- [Material shown]
▬▬▬

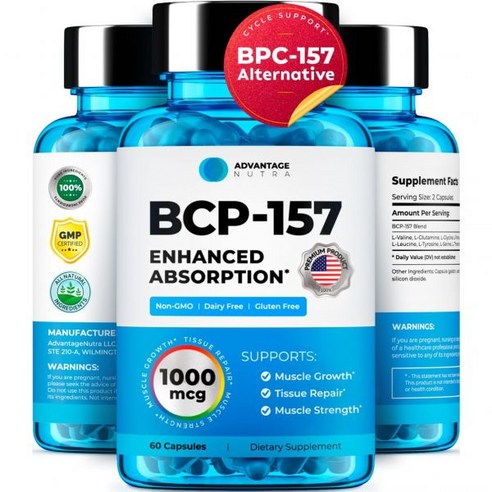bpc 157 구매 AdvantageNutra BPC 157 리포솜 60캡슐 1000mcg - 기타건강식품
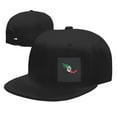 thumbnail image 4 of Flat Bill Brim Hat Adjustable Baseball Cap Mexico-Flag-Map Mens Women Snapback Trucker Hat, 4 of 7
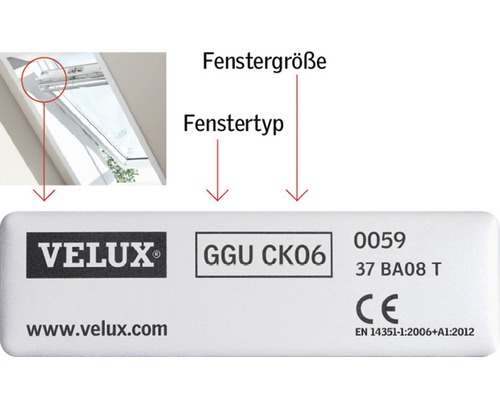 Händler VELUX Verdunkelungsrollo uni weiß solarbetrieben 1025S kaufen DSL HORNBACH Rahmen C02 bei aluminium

▬▬▬

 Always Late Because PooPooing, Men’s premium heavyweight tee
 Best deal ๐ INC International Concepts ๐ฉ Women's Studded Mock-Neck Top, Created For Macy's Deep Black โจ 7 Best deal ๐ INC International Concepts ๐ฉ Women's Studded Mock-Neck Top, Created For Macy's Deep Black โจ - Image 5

▬▬▬

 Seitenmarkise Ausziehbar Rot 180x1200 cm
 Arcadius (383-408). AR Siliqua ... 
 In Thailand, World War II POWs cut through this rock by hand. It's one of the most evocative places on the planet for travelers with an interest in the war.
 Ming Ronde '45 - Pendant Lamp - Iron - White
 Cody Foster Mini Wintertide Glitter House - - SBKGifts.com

▬▬▬

- [About this task] From the line containing "bpc 157 구매 AdvantageNutra" through the line containing "thumbnail image 4", copy every line above exactly, without pictures.

- [Answer to the exercise]
bpc 157 구매 AdvantageNutra BPC 157 리포솜 60캡슐 1000mcg - 기타건강식품
 thumbnail image 4 of Flat Bill Brim Hat Adjustable Baseball Cap Mexico-Flag-Map Mens Women Snapback Trucker Hat, 4 of 7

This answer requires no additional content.